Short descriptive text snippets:
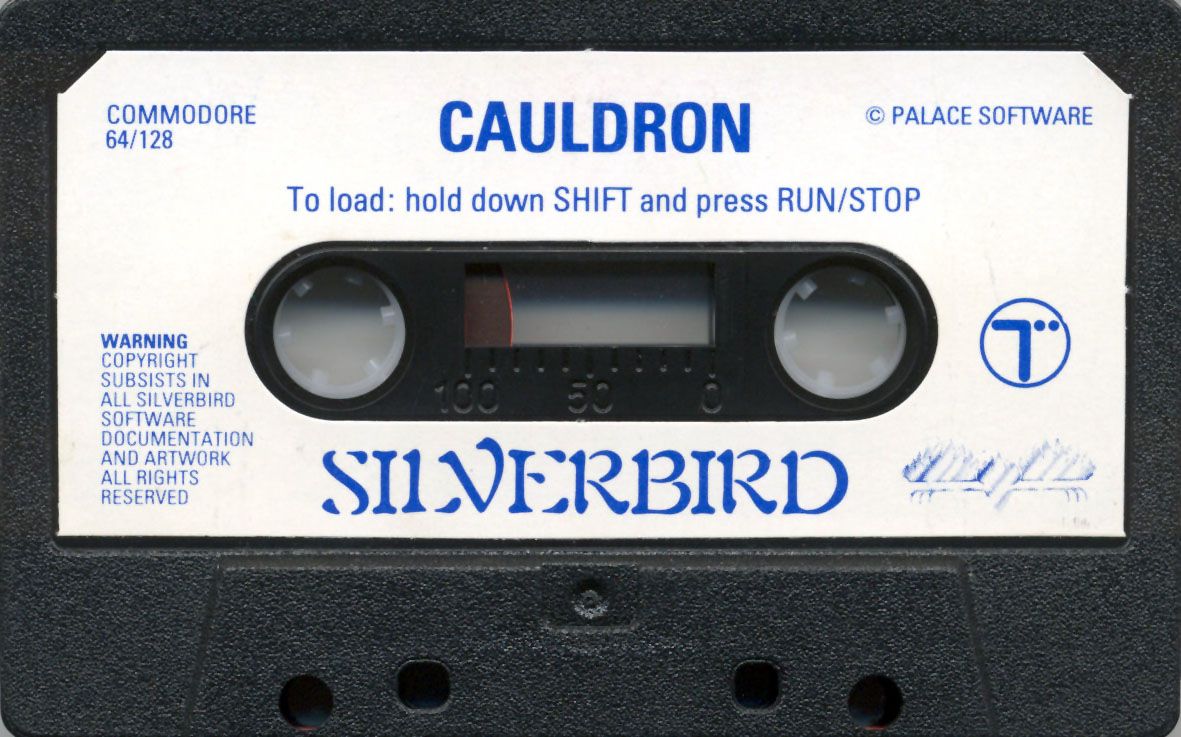 Media for Cauldron (Commodore 64) (Silverbird 199 release)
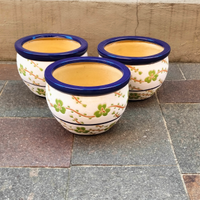 3 portavasi in porcellana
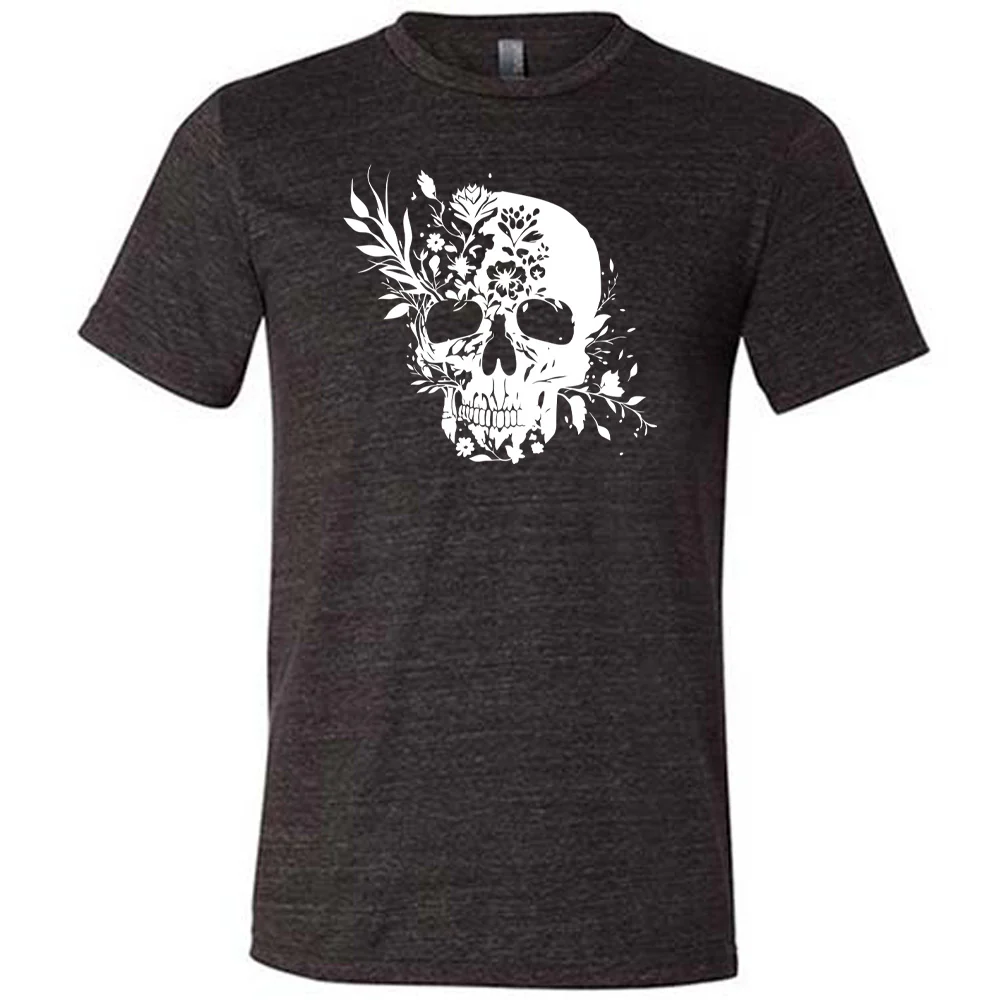 Floral Skull Shirt Unisex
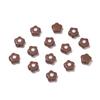 5pcs/Lots Colored Acrylic Enamel Flower Shaped Beads Spacer Loose Beads for DIY Necklace Bracelet Jewelry Making Findings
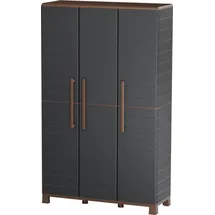 Art Plast Besenschrank Anthrazit 3 Türen, 3 verstellbare Regale 102 x 37 x 169 cm - Garage Waschküche Abstellraum Art Plast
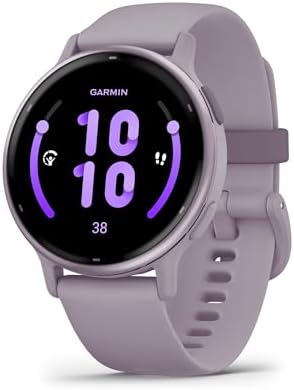Garmin vívoactive 5, Smartwatch AMOLED 1,2", Cassa 42mm, Musica, GarminPay, +30 Sport, GPS, Cardio, Coach Sonno, Benefici Workout, Autonomia 11 giorni, Orchid & Orchid Metallic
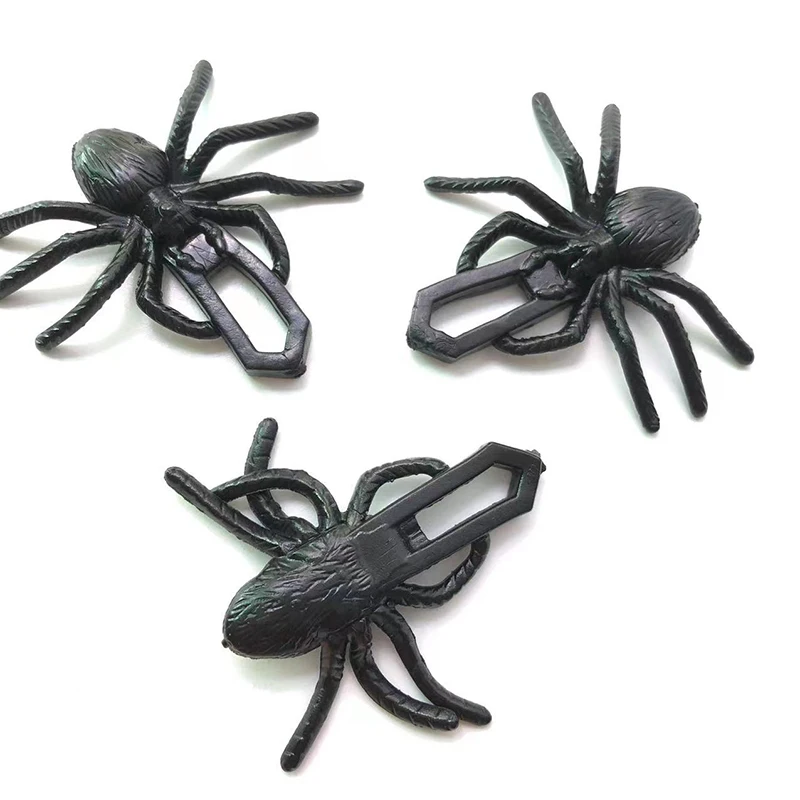 30Pcs Creative Slingshot Spider Halloween TPR Soft Rubber Elastic Stretch Small Spider Slingshot Kids Sticky Stretchy Small Toys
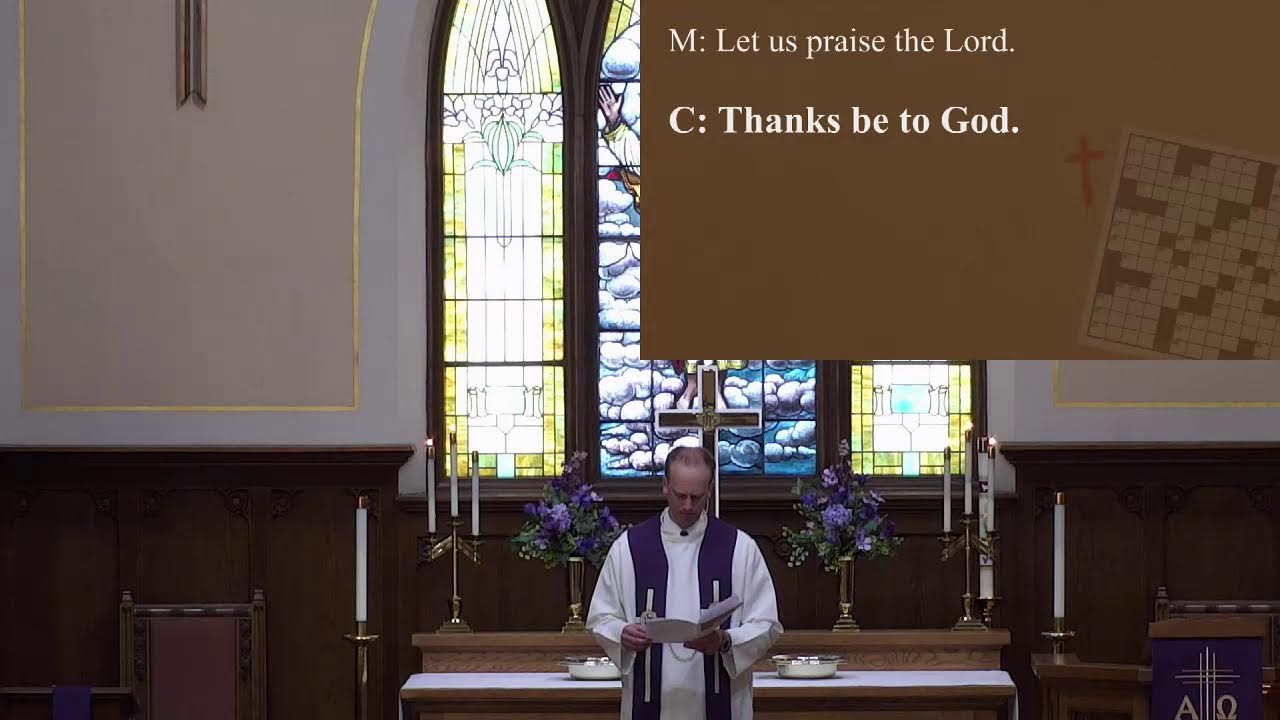 March 4, 2026 - Lent Midweek 3.  CrossWords: Grace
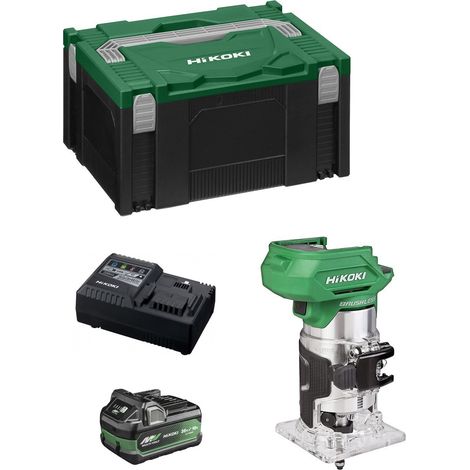 Kantenfräse HIKOKI M1808DAA1X (1 x 2,5Ah/5,0Ah + UC18YSL3 + Koffer HSC III) (1/5)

* _What needs to be done_: Provide an exact copy of only the lines from the beginning of the entries through the line containing "Art Plast Besenschrank", both ends included, with no pictures.

* _Task answer_:
 Media for Cauldron (Commodore 64) (Silverbird 199 release)
 3 portavasi in porcellana
 Floral Skull Shirt Unisex
 5pcs/Lots Colored Acrylic Enamel Flower Shaped Beads Spacer Loose Beads for DIY Necklace Bracelet Jewelry Making Findings
 Art Plast Besenschrank Anthrazit 3 Türen, 3 verstellbare Regale 102 x 37 x 169 cm - Garage Waschküche Abstellraum Art Plast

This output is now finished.